The 2021 Summer Series opens with a roundtable discussion on Universal Design for Learning. Joining Tom for this discussion are Fatima Sammy, Jackie Duncan, & Alisha Poling.
Fatima Sammy (M.Ed, MPH) is the 8th-grade science teacher and teacher leader at the Putnam Avenue Upper School in Cambridge, MA. Her teaching focuses on instructional practices and routines that enable students to develop into independent learners. She leads a Professional Learning Community (PLC) that fosters collaboration, values student’s voice, and places an emphasis on the importance of learner visibility in the classroom. Fatima also serves as an education consultant for the Diversity, Education and Outreach Office of the Broad Institute of MIT and Harvard.
Jackie Duncan (M.A.) is the UDL district coordinator, is a high school English teacher within Shelby City Schools in Shelby, OH. Jackie has a non-traditional path into education that started with a tour in the United States Marine Corps, law enforcement, and a few other endeavors before she finally set her sights on earning her teaching degree. She has been teaching for the better part of the past decade and was introduced to UDL practices fairly early on in her practice. UDL’s focus on breaking traditional norms within education and creating multiple pathways to learning was the perfect pairing to her own philosophy of education. She has recently completed her graduate certificate from the University of Pennsylvania Literacy Network in UDL.

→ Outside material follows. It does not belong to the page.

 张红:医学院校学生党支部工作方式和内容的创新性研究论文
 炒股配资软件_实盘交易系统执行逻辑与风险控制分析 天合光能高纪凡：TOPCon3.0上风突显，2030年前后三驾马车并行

Alisha Poling (B.S., M.Ed., M.A.S.E) is a Special Education Teacher and 504 Monitor at Mark Twain Elementary in Kirkland, WA. Alisha has taught in both self-contained and resource room programs and was introduced to UDL by education consultant, Dr. Cassie Martin who is affiliated with the University of WA Haring Center. Prior to teaching in WA, she taught art for 5 years and special education for 1 year in TN. She has worked in several districts and schools and believes that leadership is the key to making systemic changes in education. However, she believes that teachers who are trained in UDL can make THE difference in kids’ lives when the paradigm shift occurs. Currently, the school that Alisha works at (Mark Twain Elementary) is collaborating with the University of WA Haring Center and the TIES center as a model school for inclusionary practices.